I was told 16 years ago that the Social Security could not be counted on for people of my generation. I've made my retirement plans without calculating any contribution from SS. Anyone who did what I did, took a basic class in financial planning intended for non-professionals was told exactly the same thing.

The reasons for this are simple. The program is funded with current contributions, the surplus is spent on current budget items. A large group like the Baby Boomers cannot receive the kind of benefits that our parent's generation received, it's a mathematical impossibility the same way Ponzi schemes eventually run out of potential "investors". In order to have less money equal more money over time you have to employ the time value of money. The only way to do that is to employ capital in some venture that has some future return on capital above the inflation rate, you have to employ compounding. You can't do what the government does with SS, simply shift a dollar from one person to the next unless you have a population of tax payers which will grow exponentially consistently.

My generation didn't reproduce like our parent's generation. Unless something radically different occurs in our immigration policy or birth rates there will not be enough workers to fund the Boomer's retirement as promised. Increasing the already burdensome employment tax will not work and neither will borrowing to fund the shortfall. The only way out is to work our way out, to grow our way out.

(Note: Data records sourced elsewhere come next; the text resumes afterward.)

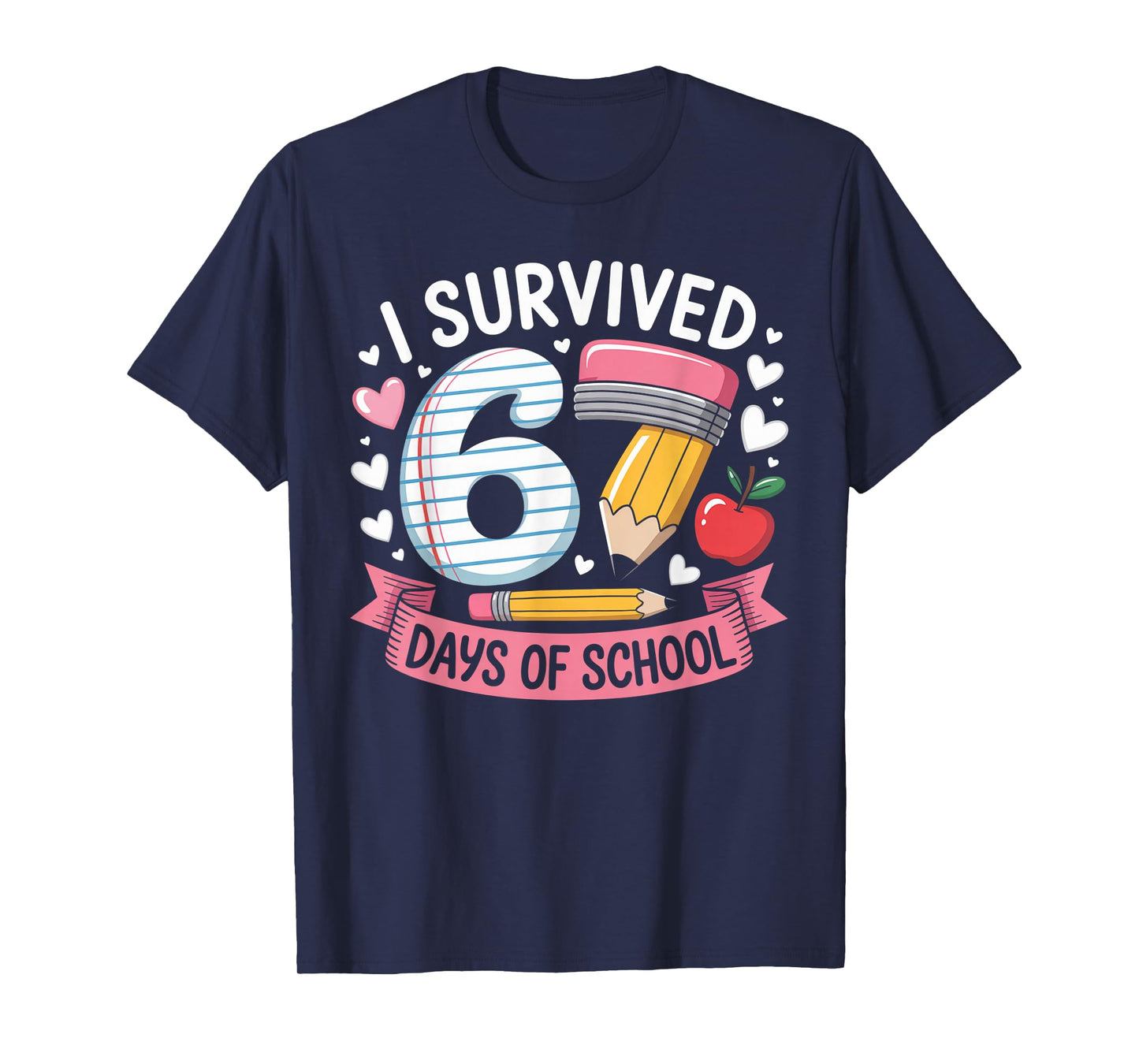 I Survived 67 Days of School Six Seven 6 7 Teacher 67 Days T-Shirt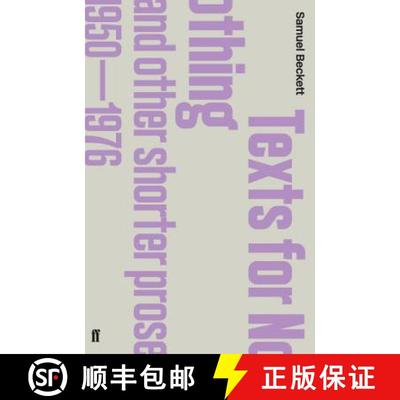 【3-4周达】Texts for Nothing and Other Shorter Prose, 1950-1976: - Texts for Nothing and Other Shorte... [9780571244621]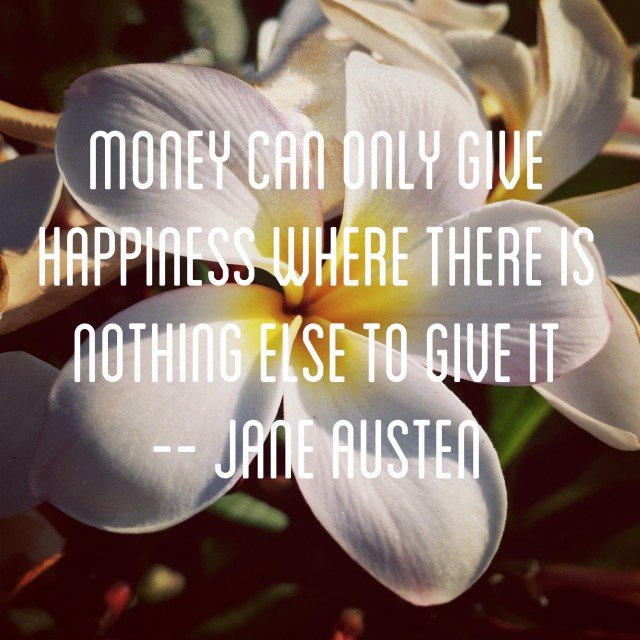 Money can only give happiness where there is nothing else to give it Quote
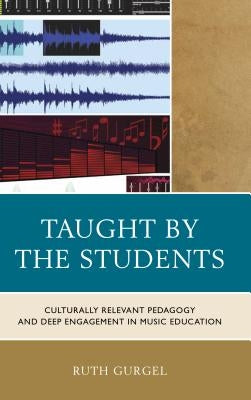 Taught by the Students: Culturally Relevant Pedagogy and Deep Engagement in Music Education by Gurgel, Ruth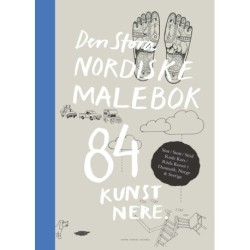 Den Stora Nordiske Malebok: 84 Kunstnere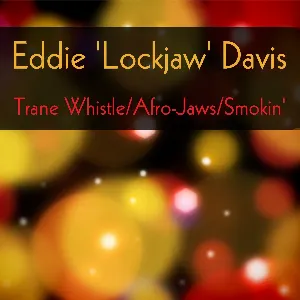 Pochette de Trane Whistle / Afro-Jaws / Smokin' de Eddie “Lockjaw” Davis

The good news is as the government raises the retirement age and taxes SS benefits they will compel people of my generation to work longer than their parents did, thus they will pay into the system longer funding only those who pass a means test or are truly unable to work. This was the original intent of those who started SS. It was meant to be a program to help those seniors most desperately in need. It was never intended to be the widespread middle class retirement plan that it became in the 70s. FDR is rolling in his grave looking at what it became. His intention was never that people would look upon SS as a replacement for prudent old age saving or to displace family support of it's elder members. Unfortunately that is exactly what resulted.